Rumah adat Jawa Timur berikutnya yakni Joglo Situbondo. Rumah adat ini berbentuk limasan, hampir sama dengan joglo pada umumya. Bedanya, joglo Situbondo lebih sederhana namun tetap artistik.
Rumah adat ini banyak ditemukan di wilayah Situbondo. Itu sebabnya, bangunan tersebut disebut joglo Situbondo. Namun, beberapa juga ditemukan di daerah Ponorogo.
Layaknya rumah joglo, rumah adat Jawa Timur ini umumnya menggunakan kayu jati. Jenis kayu ini dipilih karena kuat, bebas rayap dan tahan lama.
Di luar itu, adat jawa dan kepercayaan masyarakat turut memengaruhi bangunan ini, misalnya, tanah pijakan rumah yang dibuat lebih tinggi dari sekelilingnya.
3. Rumah Limasan Lambangsari
Rumah adat Jawa Timur limasan lambangsari berbentuk limas, sesuai dengan namanya. Rumah adat ini terbilang unik dengan konstruksi atapnya dibuat serupa balok penyambung.
Untuk tiang rumahnya ada sebanyak 16 buah dengan atap empat sisi. Lalu pondasinya berbentuk umpak dengan alas tiang dari batu, dan ada purus di tengah tiang bawah sebagai pengunci tiang bangunan.
4. Rumah Limasan Trajumas Lawakan

Rumah adat Jawa Timur satu ini merupakan pengembangan dari limasan trajumas. Rumah adat jenis lawakan memiliki balai atau teras di sekeliling bangunan utama.
Bangunan emper tersebut didesain dengan kemiringan berbeda-beda dibandingkan atap utama bangunan. Kemudian, terdapat empat sisi atap pada bangunan yang masing-masing sisinya bersusun dua dan dihubungkan dengan sebuah “bubungan”. Sementara untuk penyangga, rumah ini menggunakan 20 tiang sebagai struktur utama bangunan.
5. Rumah Osing

Seperti namanya, rumah osing merupakan rumah adat Jawa Timur milik Suku Osing di wilayah Banyuwangi. Rumah ini memiliki beberapa jenis, yaitu Baresan, Crocogan, dan Tikel Balung.
Ketiganya dibedakan berdasarkan rab atau jumlah bidang atapnya. Baresan memiliki empat rab, crocogan memiliki 2 rab, dan tikel balung memiliki empat rab.
Tidak ada ritual khusus dalam membangun rumah adat ini. Namun, masyarakat Osing melarang rumah dibangun menghadap gunung dan harus menghadap ke jalan.
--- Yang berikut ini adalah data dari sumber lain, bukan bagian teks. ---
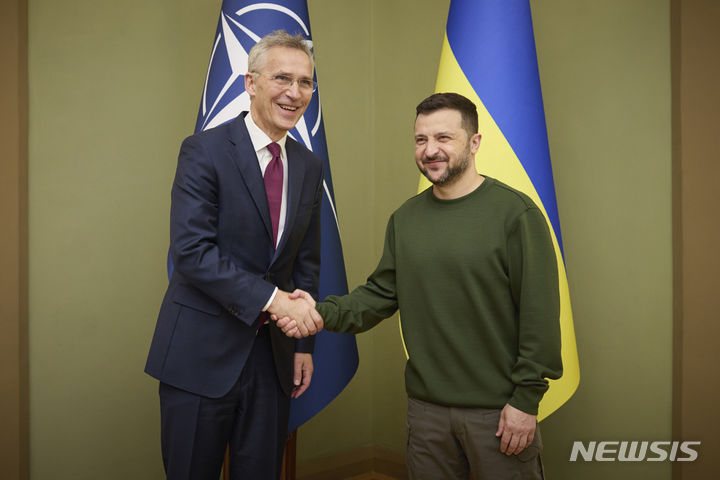 [키이우( 우크라이나)=AP/뉴시스]우크라이나를 깜짝 방문한 옌스 스톨텐베르그 나토 사무총장이 4월29일 키이우에서 젤렌스키 대통령의 영접을 받고 있다. 2024. 04. 30. 
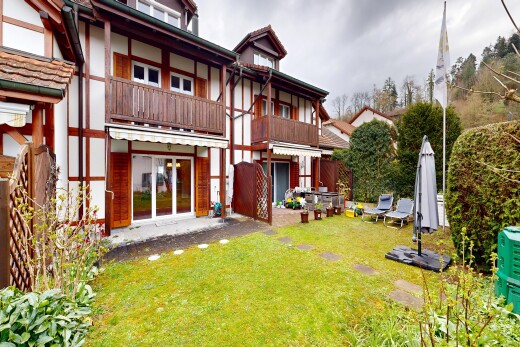 außenansicht mit balkon, dachgaube, terrasse, rasen, und overcast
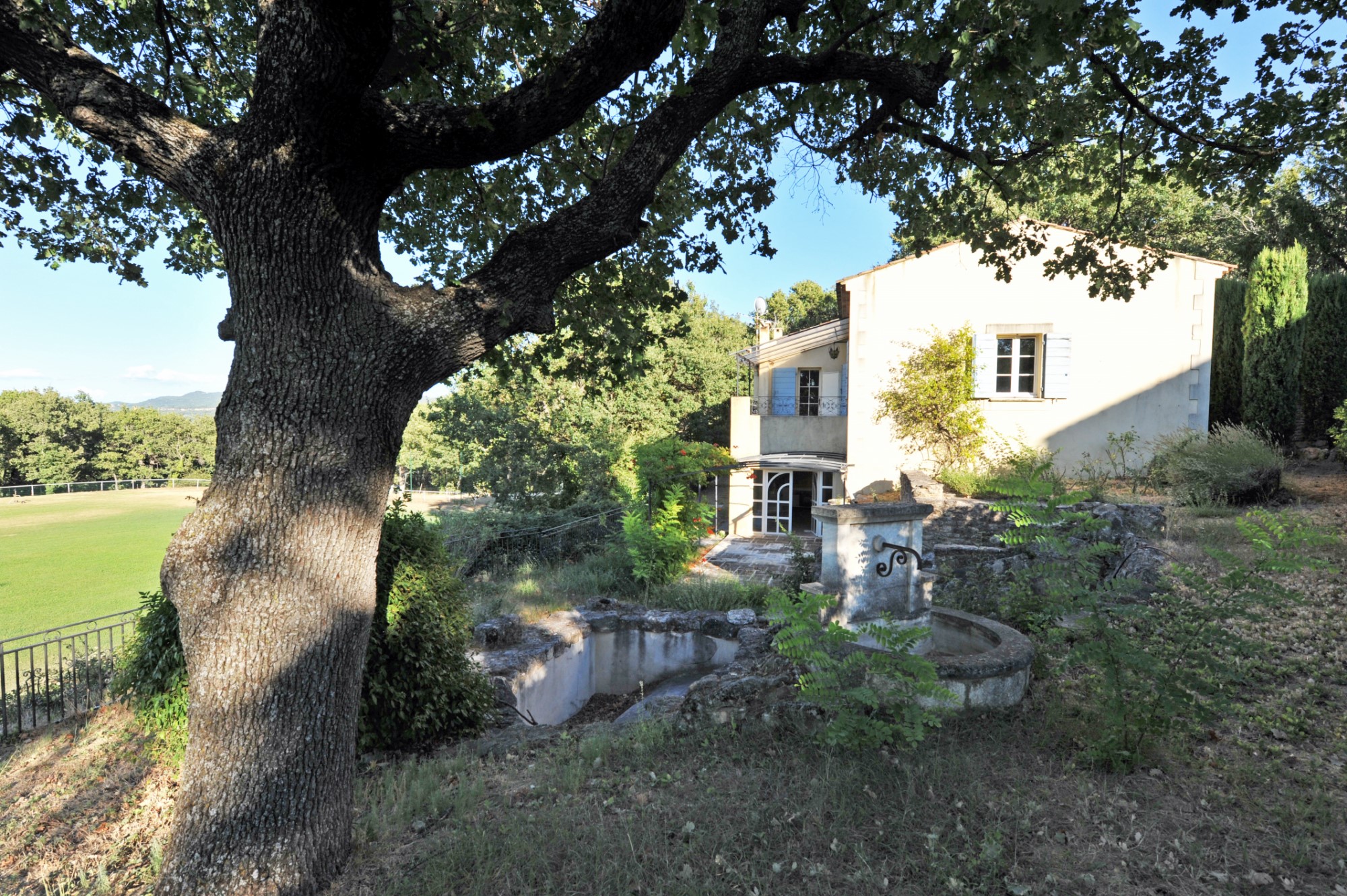 belle villa avec vue comprenant deux logements dans le Luberon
Berbeda dengan rumah joglo yang besar, karakter rumah osing cukup sederhana. Sebab, biasanya hanya dihuni keluarga utuh saja. Bagian depan ditempati oleh anak-anak, sementara bagian belakang untuk orang tua.
6. Rumah Suku Tengger

Rumah adat Jawa Timur ini bisa ditemui di masyarakat Suku Tengger yang mendiami lereng Gunung Bromo. Ciri rumah adat ini sangat sederhana, memiliki atap runcing dan meninggi.
Rumah adat Tengger memiliki desain bentuk yang di sesuaikan dengan keadaan alam sekitar sehingga mampu beradaptasi dan menjadi hunian yang nyaman untuk tinggal. Ciri utama bentuk rumah adat Tengger tidak bertingkat dan hanya memiliki dua jendela. Sementara di bagian depan terdapai balai untuk bersantai.
7. Rumah Dhurung Bawean

Rumah adat Jawa Timur dhurung Bawean bisa dijumpai di Pulau Bawean, Kabupaten Gresik, khususnya di daerah Pudakit, Kecamatan Sangkapura.
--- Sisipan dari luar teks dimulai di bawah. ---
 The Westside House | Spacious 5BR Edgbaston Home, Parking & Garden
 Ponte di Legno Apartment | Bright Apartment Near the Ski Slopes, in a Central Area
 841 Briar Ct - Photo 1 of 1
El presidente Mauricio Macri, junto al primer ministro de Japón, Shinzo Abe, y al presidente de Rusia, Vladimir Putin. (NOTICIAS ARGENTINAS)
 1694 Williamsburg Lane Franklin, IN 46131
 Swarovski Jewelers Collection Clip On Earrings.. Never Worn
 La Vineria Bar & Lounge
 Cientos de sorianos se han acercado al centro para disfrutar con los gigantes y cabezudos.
Disebut rumah dhurung karena pada rumah adat Bawean ini terdapat dhurung, yaitu balai kecil berukuran 2x3 meter yang terpisah dengan bangunan rumah utama. Fungsinya dhurung ini untuk menerima tamu yang sifatnya nonformal atau sekadar bersantai dan beristirahat setelah pulang bekerja.
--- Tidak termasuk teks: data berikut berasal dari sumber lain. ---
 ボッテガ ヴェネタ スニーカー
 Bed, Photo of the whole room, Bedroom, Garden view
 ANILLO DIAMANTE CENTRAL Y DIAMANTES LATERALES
Selain sebagai tempat istirahat dhurung juga difungsikan sebagai lumbung padi atau hasil panen lainnya yang diletakan pada bagian atasnya. Jika dilihat sekilas, dhurung ini mirip gazebo pada rumah-rumah moderen saat ini.
Bagian rangka dan papan dudukan terbuat dari kayu. Sedangkan atapnya terbuat dari rumbia yang dalam bahasa bawean disebut dheun. Kayu yang digunakan biasanya kayu jati atau kayu lokal yang ada disekitar Bawean.
Bagian yang cukup menarik dari dhurung ini yakni pada ukiran di beberapa bagian seperti tiang serta adanya jhelepang yaitu semacam jebakan atau penghambat tikus sehingga dapat melindungi lumbung padi.